◆ **ASSIGNED TASK**: Starting with the line that contains "Allegra K 2", repeat exactly every line through the last one in the records below, and leave out the pictures.

Source records

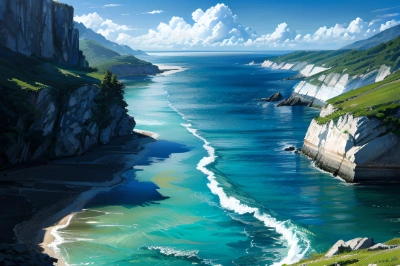 透き通った海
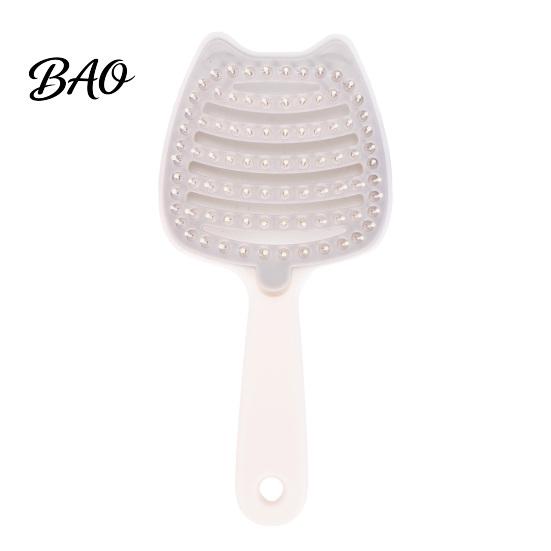 Vented Hair Brush Cat Ear Self Cleaning for Women, Styling Scalp Massage Faster Blow Drying, Detachable Curved Detangler Lightweight Hairbrush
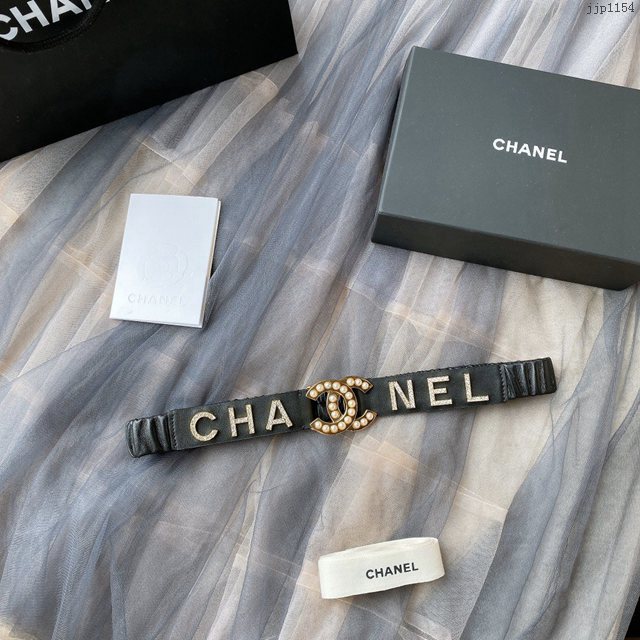 Chanel經典款女士皮帶 香奈兒cc經典logo扣精品彈力扣腰帶  jjp1154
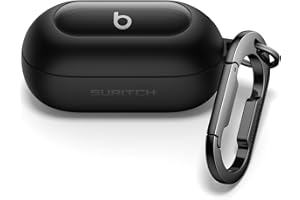 SURITCH Etui kompatybilne z Beats Solo Buds, magnetyczne Odporne na wstrząsy Osłona ochronna do słuchawek audio z zestawem do czyszczenia i klamrą Karabiner (czarny)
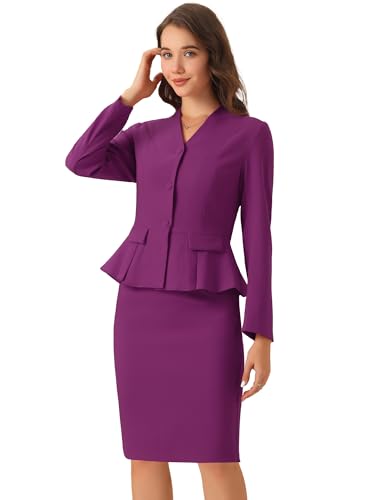 Allegra K 2 Piece Skirt Sets for Women Long Sleeve Blazer and Pencil Skirt Business Suits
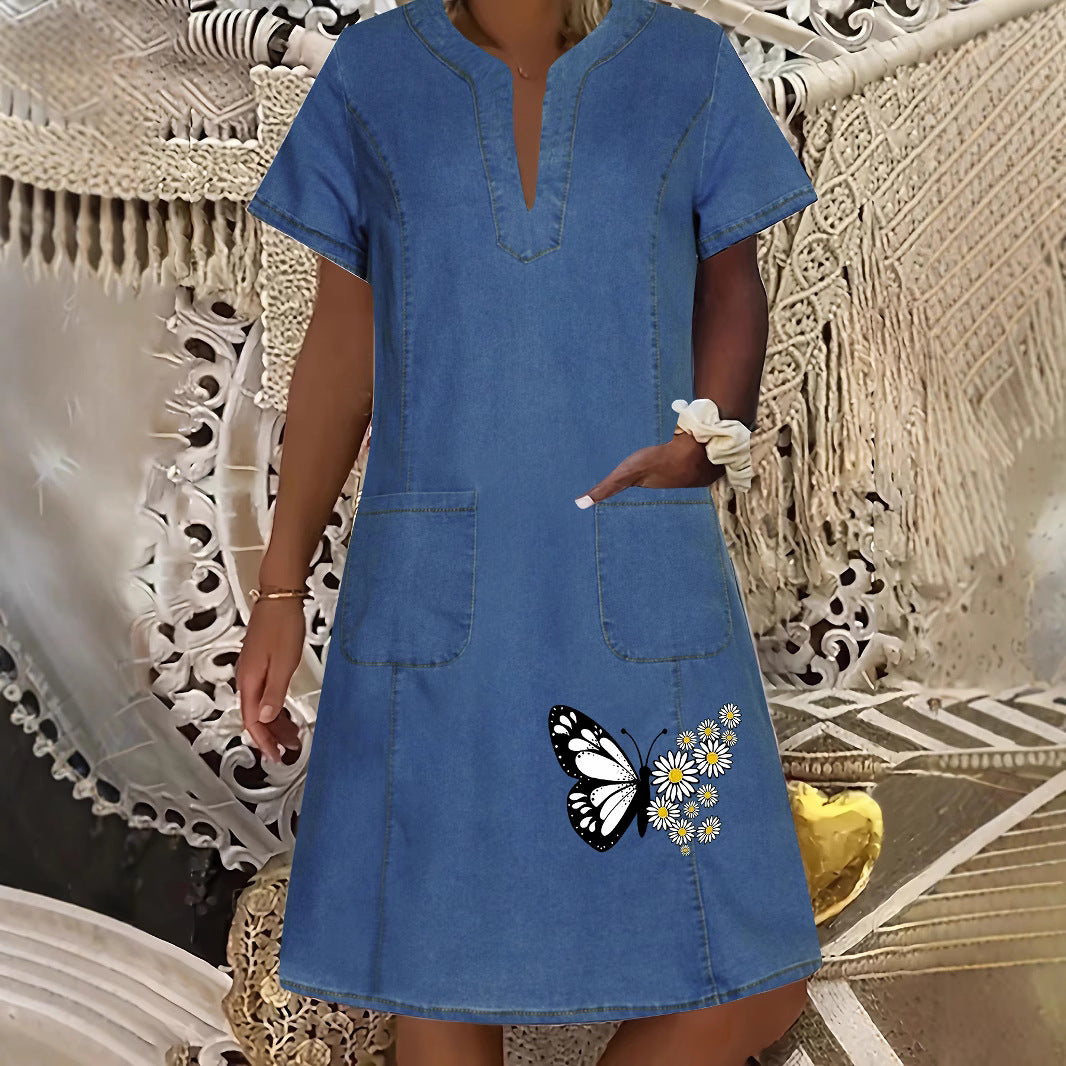Women's Denim Dress Dark Blue Thin Pocket Dresses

◆ **ANSWER TO THE PROBLEM**:
 Allegra K 2 Piece Skirt Sets for Women Long Sleeve Blazer and Pencil Skirt Business Suits
Women's Denim Dress Dark Blue Thin Pocket Dresses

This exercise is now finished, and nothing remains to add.